**What to work on**
For the data that follows, print the line with "Person holding a", the line with "hands washing a bowl", and all lines between them, exactly as they stand. Omit pictures and add nothing.

(Beginning of Working data)

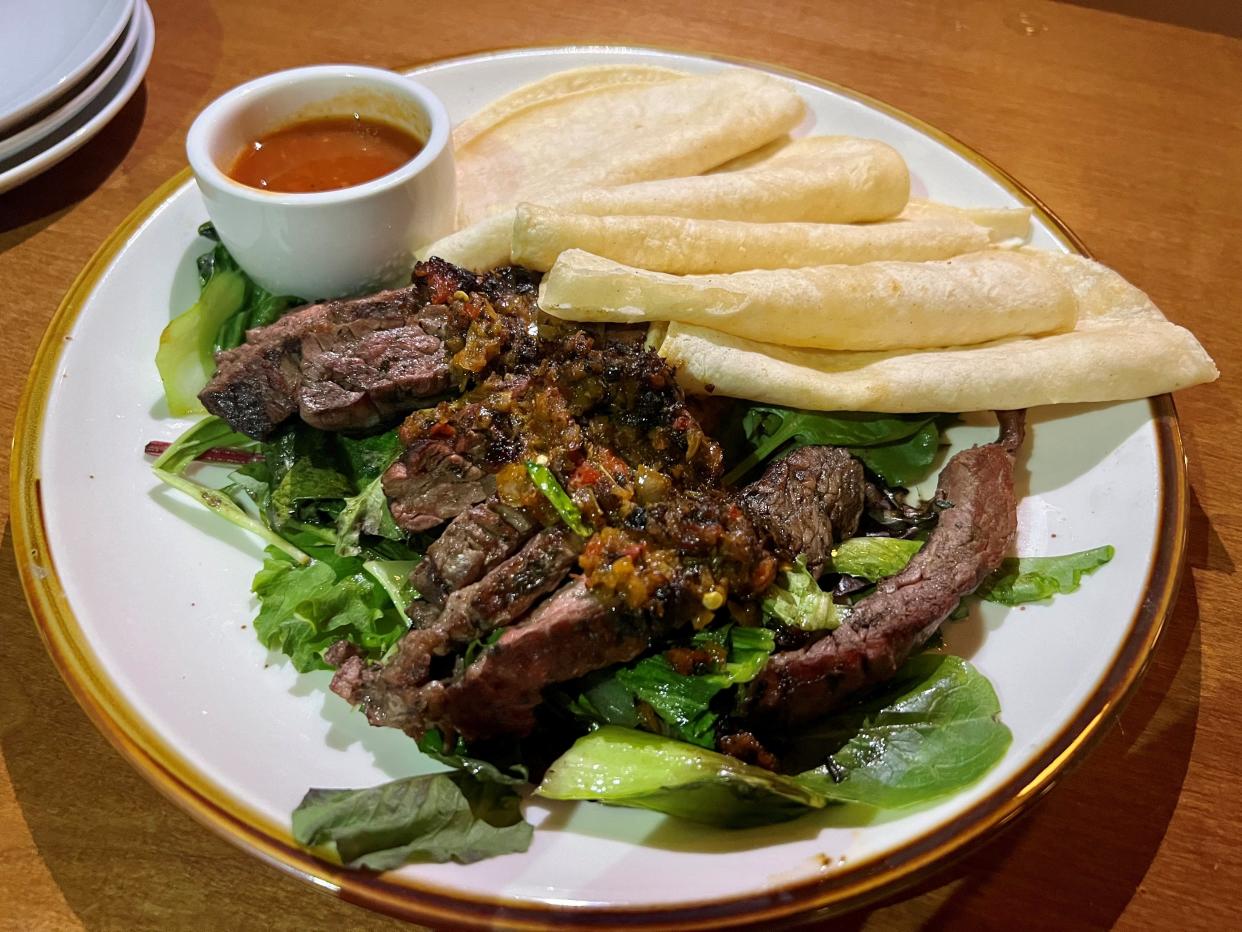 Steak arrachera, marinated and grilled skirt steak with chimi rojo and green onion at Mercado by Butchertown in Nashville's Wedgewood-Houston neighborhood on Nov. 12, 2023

(End of Working data)
(Beginning of Working data)

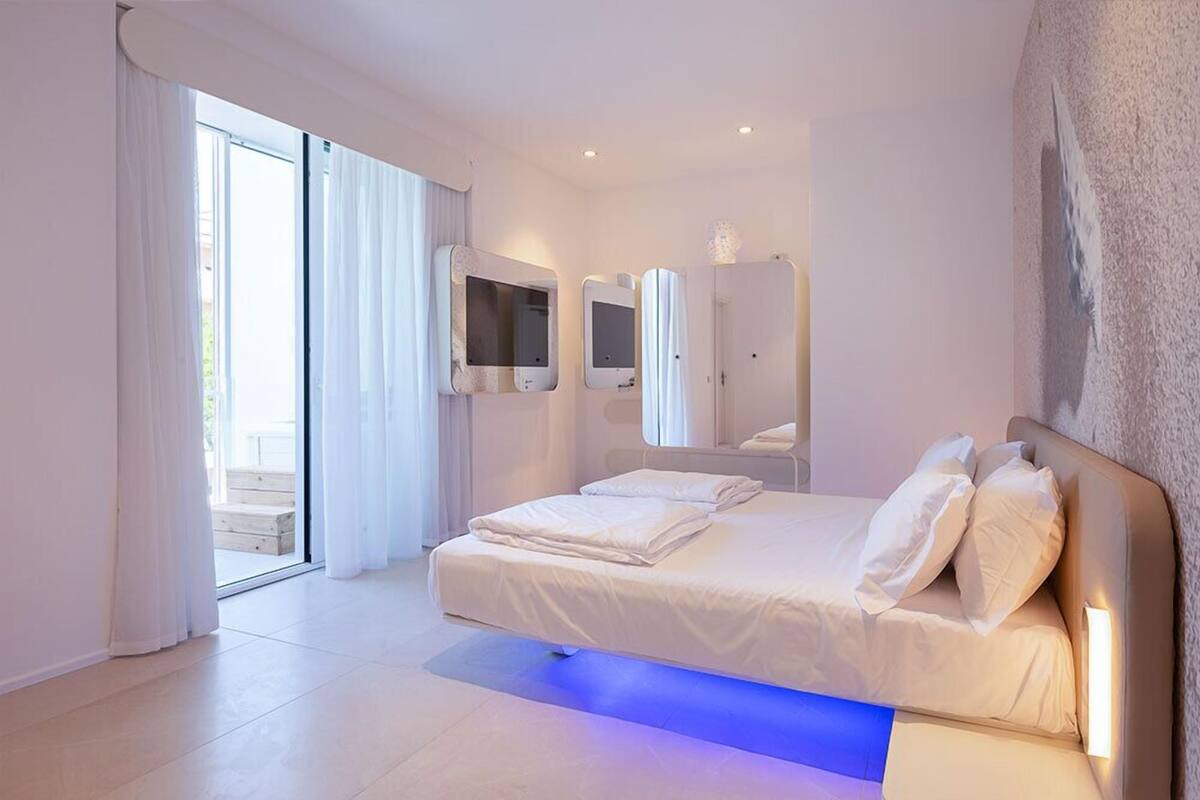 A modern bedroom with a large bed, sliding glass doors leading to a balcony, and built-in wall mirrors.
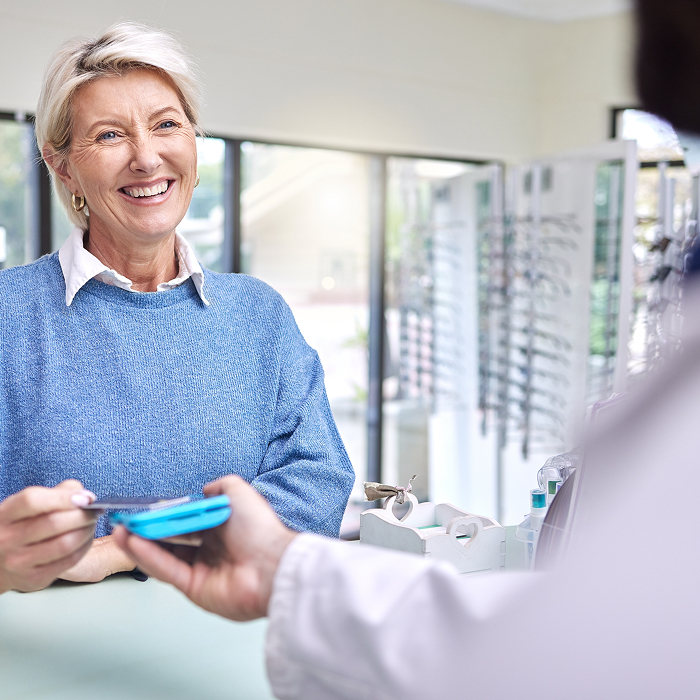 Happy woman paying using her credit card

(End of Working data)
(Beginning of Working data)

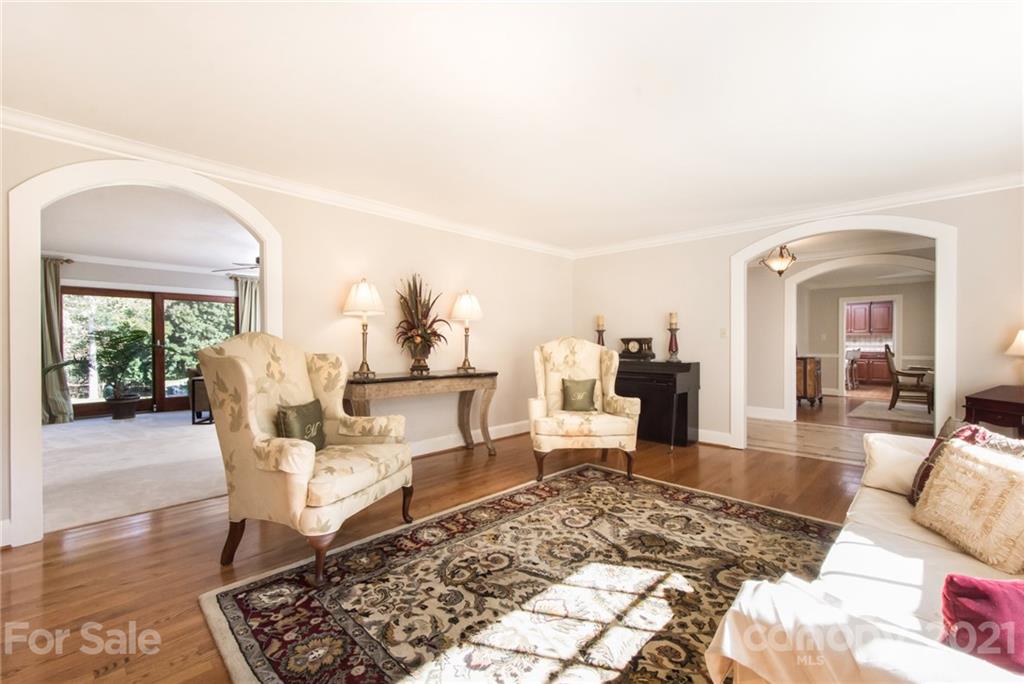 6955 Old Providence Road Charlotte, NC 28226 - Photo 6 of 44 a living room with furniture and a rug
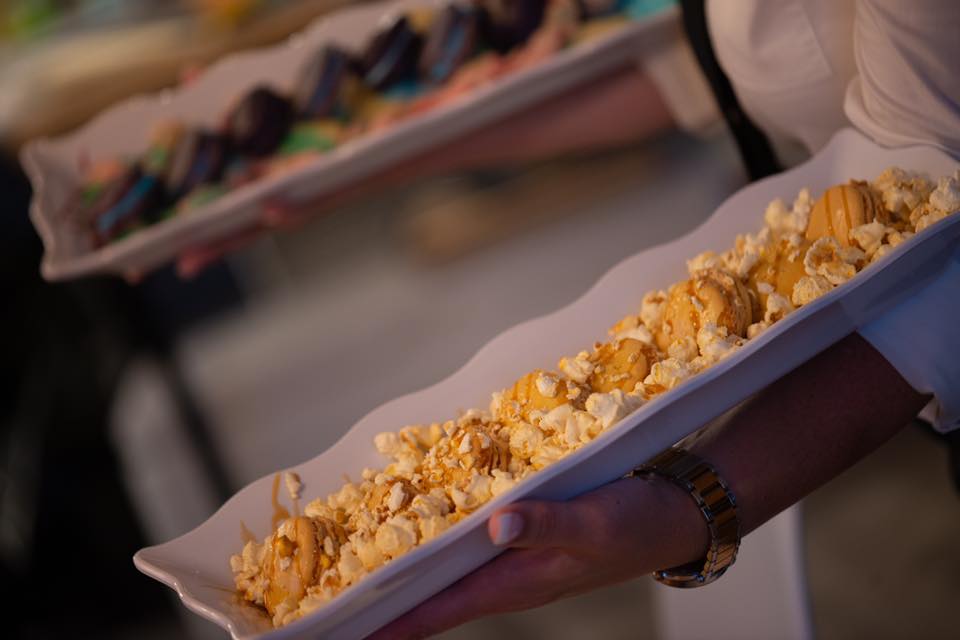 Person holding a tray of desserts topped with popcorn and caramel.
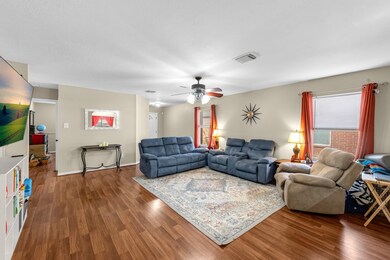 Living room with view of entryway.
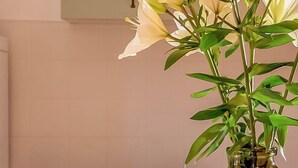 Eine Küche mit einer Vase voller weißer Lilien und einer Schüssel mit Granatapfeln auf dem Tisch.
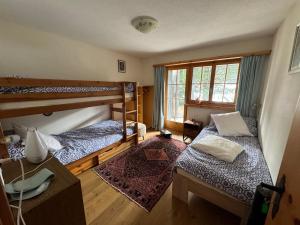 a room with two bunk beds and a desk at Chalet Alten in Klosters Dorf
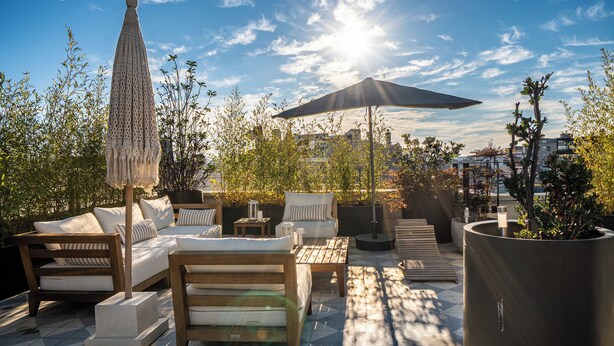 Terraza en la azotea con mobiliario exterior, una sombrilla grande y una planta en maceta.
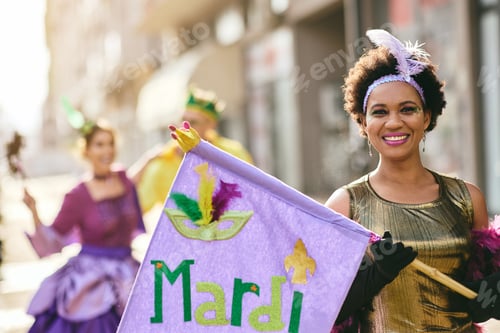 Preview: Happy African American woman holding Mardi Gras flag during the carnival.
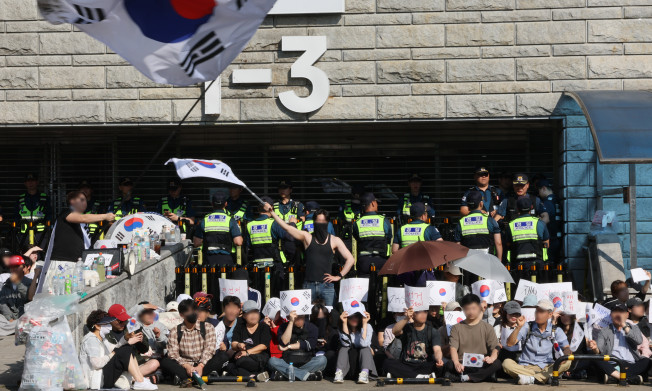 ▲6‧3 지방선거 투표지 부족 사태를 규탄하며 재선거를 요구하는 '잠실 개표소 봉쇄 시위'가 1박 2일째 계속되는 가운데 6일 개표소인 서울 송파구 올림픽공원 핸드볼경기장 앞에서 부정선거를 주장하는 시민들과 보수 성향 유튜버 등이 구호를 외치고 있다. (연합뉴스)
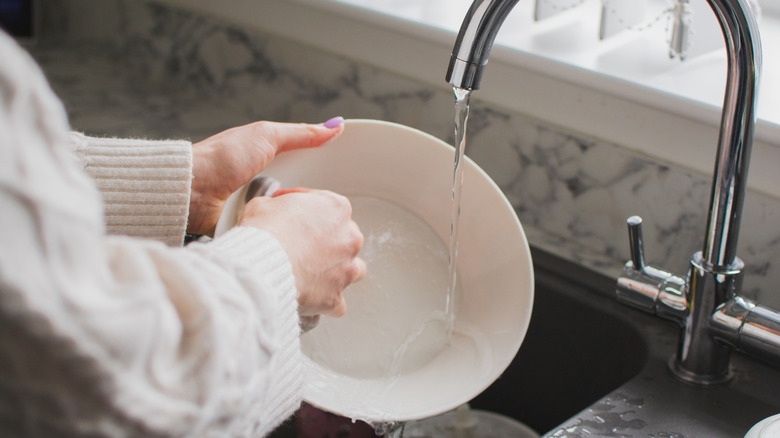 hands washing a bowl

(End of Working data)

**Answer section**
 Person holding a tray of desserts topped with popcorn and caramel.
 Living room with view of entryway.
 Eine Küche mit einer Vase voller weißer Lilien und einer Schüssel mit Granatapfeln auf dem Tisch.
 a room with two bunk beds and a desk at Chalet Alten in Klosters Dorf
 Terraza en la azotea con mobiliario exterior, una sombrilla grande y una planta en maceta.
 Preview: Happy African American woman holding Mardi Gras flag during the carnival.
 ▲6‧3 지방선거 투표지 부족 사태를 규탄하며 재선거를 요구하는 '잠실 개표소 봉쇄 시위'가 1박 2일째 계속되는 가운데 6일 개표소인 서울 송파구 올림픽공원 핸드볼경기장 앞에서 부정선거를 주장하는 시민들과 보수 성향 유튜버 등이 구호를 외치고 있다. (연합뉴스)
 hands washing a bowl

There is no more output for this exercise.